Exercise inputs START

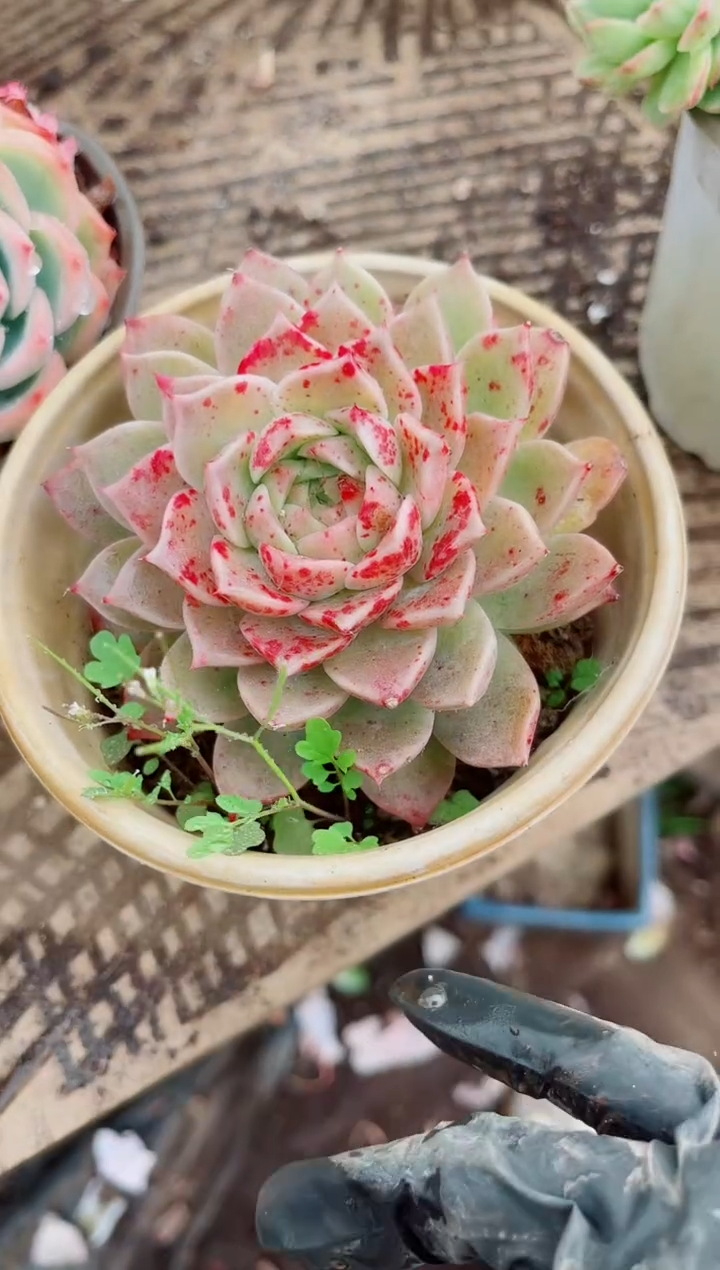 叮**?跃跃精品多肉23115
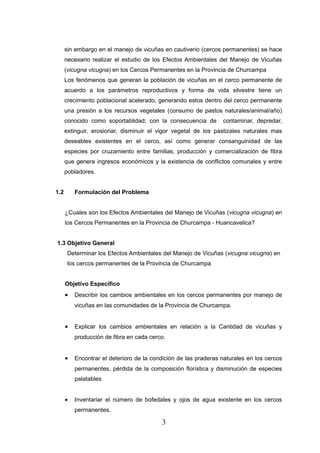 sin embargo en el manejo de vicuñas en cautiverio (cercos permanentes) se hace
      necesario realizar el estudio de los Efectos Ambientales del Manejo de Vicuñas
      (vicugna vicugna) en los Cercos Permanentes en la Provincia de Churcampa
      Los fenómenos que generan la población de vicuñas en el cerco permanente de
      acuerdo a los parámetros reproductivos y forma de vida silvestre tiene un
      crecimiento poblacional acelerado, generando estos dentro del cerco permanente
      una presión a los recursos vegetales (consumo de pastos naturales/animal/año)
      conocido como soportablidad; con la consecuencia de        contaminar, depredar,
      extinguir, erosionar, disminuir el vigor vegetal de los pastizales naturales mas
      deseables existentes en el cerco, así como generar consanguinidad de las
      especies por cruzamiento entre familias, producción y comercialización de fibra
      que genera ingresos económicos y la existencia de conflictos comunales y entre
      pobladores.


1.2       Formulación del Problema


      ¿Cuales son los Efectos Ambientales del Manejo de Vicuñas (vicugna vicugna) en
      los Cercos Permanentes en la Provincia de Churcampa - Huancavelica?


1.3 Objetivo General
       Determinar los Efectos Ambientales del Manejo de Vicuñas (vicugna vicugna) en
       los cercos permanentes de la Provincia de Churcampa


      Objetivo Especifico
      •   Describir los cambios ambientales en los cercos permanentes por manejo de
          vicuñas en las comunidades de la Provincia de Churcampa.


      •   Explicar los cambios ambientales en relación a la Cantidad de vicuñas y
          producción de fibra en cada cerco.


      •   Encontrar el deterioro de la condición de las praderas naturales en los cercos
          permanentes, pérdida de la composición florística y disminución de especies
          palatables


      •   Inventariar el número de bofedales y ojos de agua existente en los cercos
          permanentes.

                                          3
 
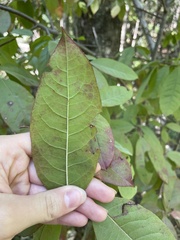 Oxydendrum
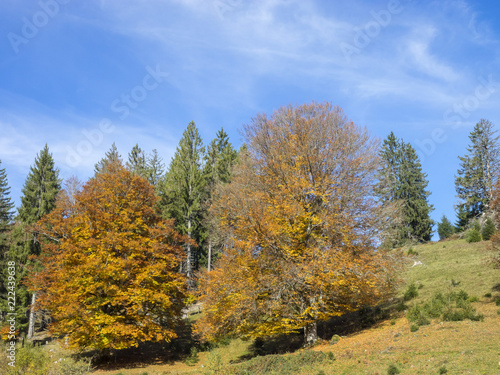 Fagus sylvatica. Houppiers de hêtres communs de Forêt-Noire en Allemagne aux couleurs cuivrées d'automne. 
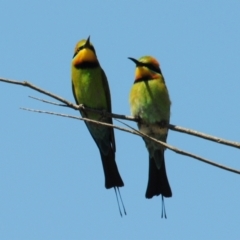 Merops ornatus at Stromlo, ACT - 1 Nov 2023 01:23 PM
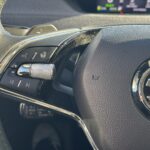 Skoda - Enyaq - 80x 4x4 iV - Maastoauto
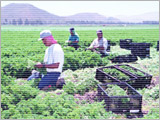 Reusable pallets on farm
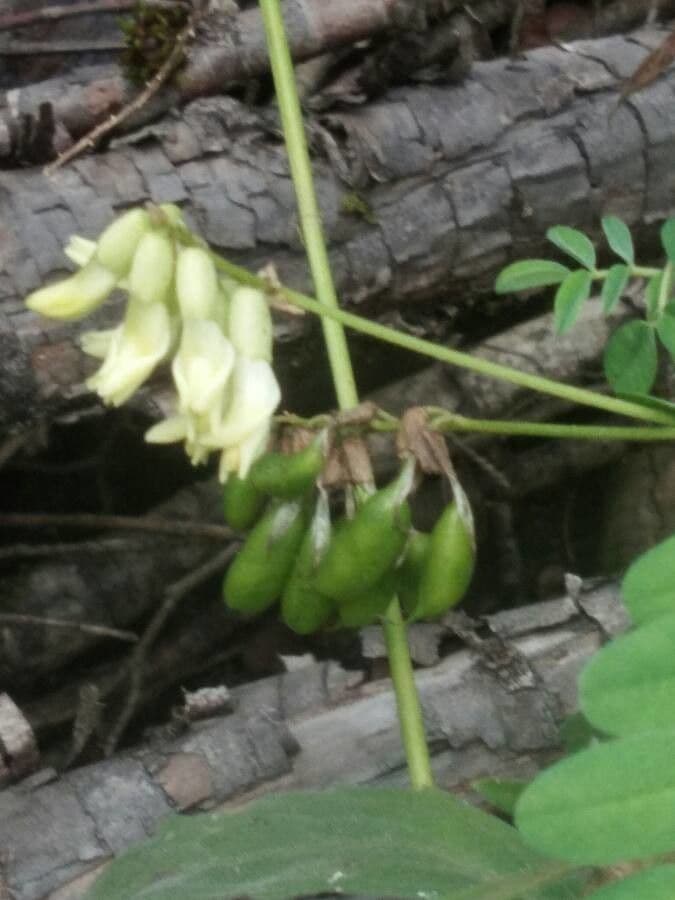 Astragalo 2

Exercise inputs END

Would you transcribe each of the entries exactly, skipping the pictures?

* _Answer to the exercise_
 叮**?跃跃精品多肉23115
 sin embargo en el manejo de vicuñas en cautiverio (cercos permanentes) se hace
      necesario realizar el estudio de los Efectos Ambientales del Manejo de Vicuñas
      (vicugna vicugna) en los Cercos Permanentes en la Provincia de Churcampa
      Los fenómenos que generan la población de vicuñas en el cerco permanente de
      acuerdo a los parámetros reproductivos y forma de vida silvestre tiene un
      crecimiento poblacional acelerado, generando estos dentro del cerco permanente
      una presión a los recursos vegetales (consumo de pastos naturales/animal/año)
      conocido como soportablidad; con la consecuencia de        contaminar, depredar,
      extinguir, erosionar, disminuir el vigor vegetal de los pastizales naturales mas
      deseables existentes en el cerco, así como generar consanguinidad de las
      especies por cruzamiento entre familias, producción y comercialización de fibra
      que genera ingresos económicos y la existencia de conflictos comunales y entre
      pobladores.


1.2       Formulación del Problema


      ¿Cuales son los Efectos Ambientales del Manejo de Vicuñas (vicugna vicugna) en
      los Cercos Permanentes en la Provincia de Churcampa - Huancavelica?


1.3 Objetivo General
       Determinar los Efectos Ambientales del Manejo de Vicuñas (vicugna vicugna) en
       los cercos permanentes de la Provincia de Churcampa


      Objetivo Especifico
      •   Describir los cambios ambientales en los cercos permanentes por manejo de
          vicuñas en las comunidades de la Provincia de Churcampa.


      •   Explicar los cambios ambientales en relación a la Cantidad de vicuñas y
          producción de fibra en cada cerco.


      •   Encontrar el deterioro de la condición de las praderas naturales en los cercos
          permanentes, pérdida de la composición florística y disminución de especies
          palatables


      •   Inventariar el número de bofedales y ojos de agua existente en los cercos
          permanentes.

                                          3
 
 Oxydendrum
 Fagus sylvatica. Houppiers de hêtres communs de Forêt-Noire en Allemagne aux couleurs cuivrées d'automne. 
 Merops ornatus at Stromlo, ACT - 1 Nov 2023 01:23 PM
 Skoda - Enyaq - 80x 4x4 iV - Maastoauto
 Reusable pallets on farm
 Astragalo 2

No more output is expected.